Obviously the idea is just an exaggeration. We can wait, and essential we do and will wait. It’s mostly just something we say when we are excited about something. The only problem with this idea is what we fail to realize every time we think we can’t wait; what we let pass us by because we’re so focused on getting to that place we think we can’t wait to be.
So my kids have exaggerations about being older; and it’s something we’ve all done as children. As we get to that point, though, we begin realizing how quickly time has passed. That’s when we begin longing for the past, longing for opportunities to make different choices—maybe even go back to the simplicity of being a child.
Do you remember being a kid? No real worries, no bills, much fewer responsibilities. Maybe it wasn’t always picture perfect. Maybe your parents fought a lot, or maybe you were bullied in school, or maybe you had some strict parents (possibly abusive). The point is you had reasons for thinking the future was forever away.
I would like to think my own kids have a relatively typical life. My husband and I fight—well… we argue. We’re in that bracket of people who get by week-to-week or month-to-month when we’re lucky. We’re not miserable, though, if that’s what you’re thinking (or hoping). We did, however, take our kids out of public school. It was a tough decision, but we made it. The result is that our kids are no longer exposed to the intense bullying of today’s generation. That’s not to give you the impression that we could afford that decision or that we are somehow afraid of bullying. There were other issues we had with the school system that contributed to our decision. The reason I told you this was simply to give you an idea of how averagely we live (or at least, I believe we are average).
So when I hear my kids say, “I can’t wait…” I try to help them see the things they are obviously missing right in front of them. After all, there are not many people I know that would say if given the chance to go back to their youth, knowing the things they know now, wouldn’t only go back, but would do things slightly different. Maybe they don’t admit they would do things differently, but let’s be honest; there are some choices everyone has made in their life that they change. No one wants to admit that kind of stuff because of the doors it opens (especially with spouses).

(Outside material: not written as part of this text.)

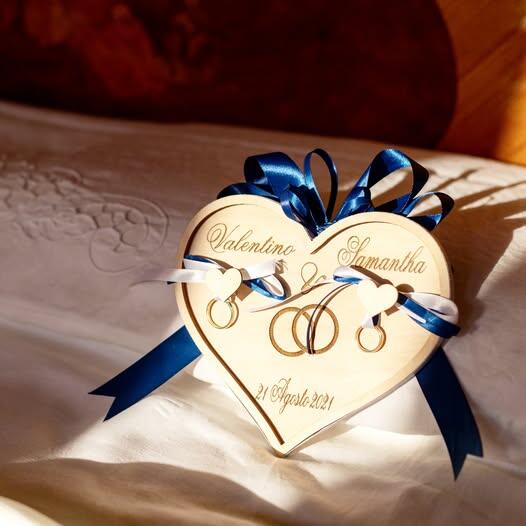 Cuscino porta fedi in legno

Anyway, I’m not so foolish to think that anything I say to my kids will actually get through to them. Not at this age at least. I didn’t listen to everything my parents told me until it was too late, and I can only expect the same hard-headedness from my offspring. I won’t entirely throw my husband under the bus, but I’m sure there’s a bit of contribution in there from him, too.

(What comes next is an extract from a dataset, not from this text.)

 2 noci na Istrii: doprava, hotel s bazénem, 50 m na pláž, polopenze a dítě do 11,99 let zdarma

In any event, I’m their teacher on top of being their mother. I tell them to stop waiting for midnight; it will come. In the meantime, enjoy right now. Do what’s in your ability to live for this moment, because when it’s gone it’s the only thing you’ll want.
The first time I said this to them they asked me, “What does that have to do with midnight?” I think this is also the point where they tune me out, but I explain anyway:
Cinderella was given an opportunity to live a little. But it was a limited time offer, right? She only had until midnight. Now, everyone knows the story—she went out and had a wonderful time, and in the end she married a prince and lived happily ever after. Suppose, instead, that Cinderella had sat around with her rat friends, just watching the clock, and not doing the things that she did with the time she had. Would she have become a princess? Would she be living the rest of her life in a castle? Most likely not.

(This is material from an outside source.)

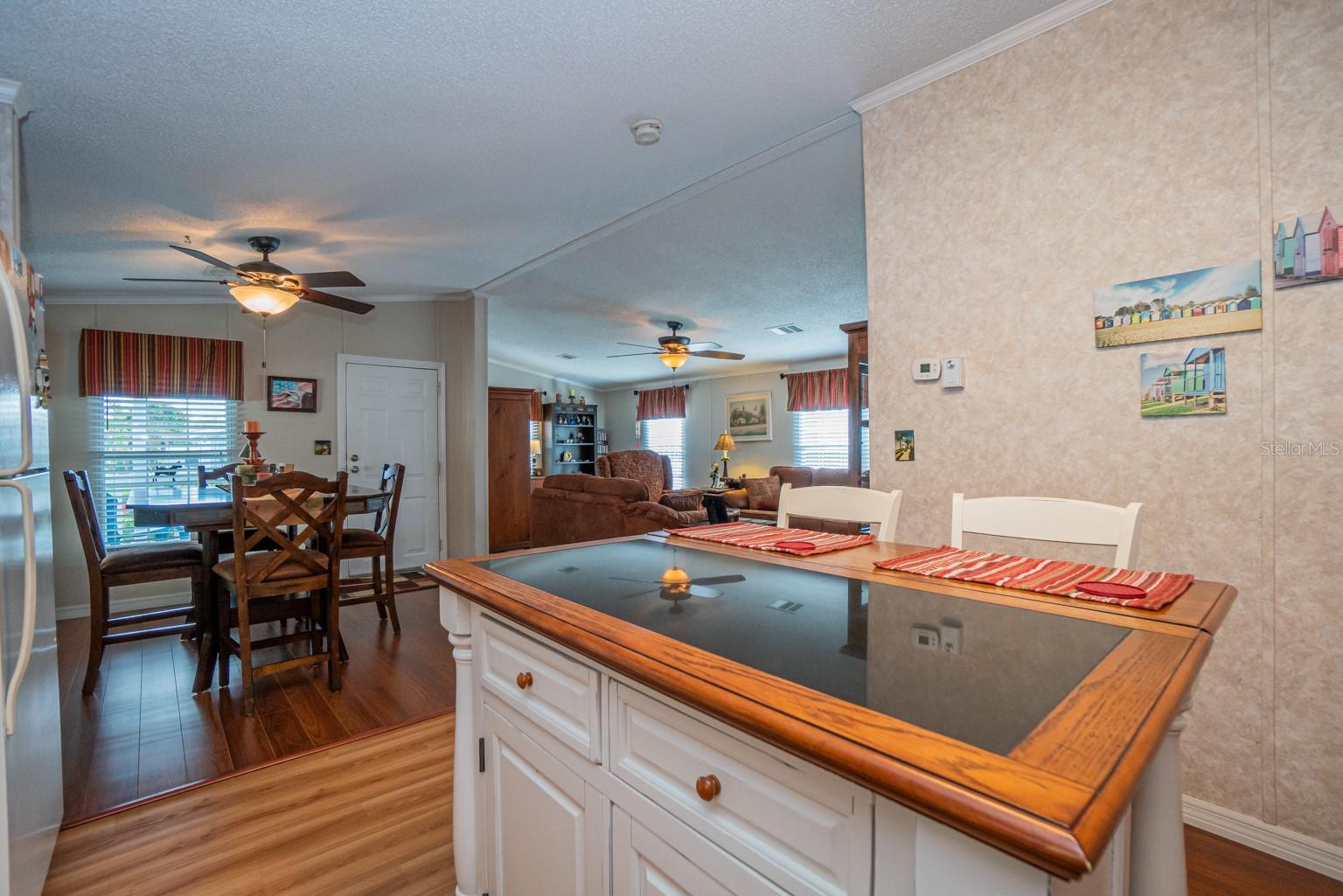 Image 9 of 41 For 10303 Burnt Store Road 203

Of course, I add all kinds of details about how Cinderella made herself beautiful and made a dress. The result of this is my oldest boy telling me, “yea, but we’re not girls going to balls. And we don’t wear dresses!” Of course my seven-year old starts cracking up because he thinks it’s amusing that his brother said balls. I tend to forget I’m dealing with seven and eight-year olds, but when I remember I try to paint a simpler image. It’s summer break, so they are allowed to stay up until midnight (if they can make it that late). So I say to them, “Midnight is coming and you’ll be in bed soon. What are the things you can do before bed, or before midnight?”
They’ll give me a list of cartoons they can watch, present the idea of putting on a movie, tell me about toys they could play with, or computer games they could enjoy. They avoid anything like reading a book or doing something productive, because they know I’d encourage that. Next, I’ll say to them, “So what are you going to do?”
They shrug. Part of me wonders if they do that just to test me, but it doesn’t matter. It allows me to make my point. “So you’re just waiting for midnight, then?”
For my kids, and for many of us as we were kids (and maybe still), summer lasts forever—at least until it’s time to go back to school. It’s so innocent, so childish to think this way. We think opportunity will last forever and we wait to take advantage of it. The truth is, midnight will come. It always comes. The opportunity to do something will pass, and when it’s all gone all we have to back on is the time we let slip by. Unfortunately, we tend not to comprehend this until we reach a certain age in life. The few of us that can understand and act upon these ideas early on are the truly fortunate ones who tend to generate the most success.
If you’re like me, though, and this concept has eluded you for most of your life, don’t worry—there’s still time. Thanks to modern technology and science people are living much longer. That may not be very comforting either, especially if you’re still just waiting for midnight at this stage of your life.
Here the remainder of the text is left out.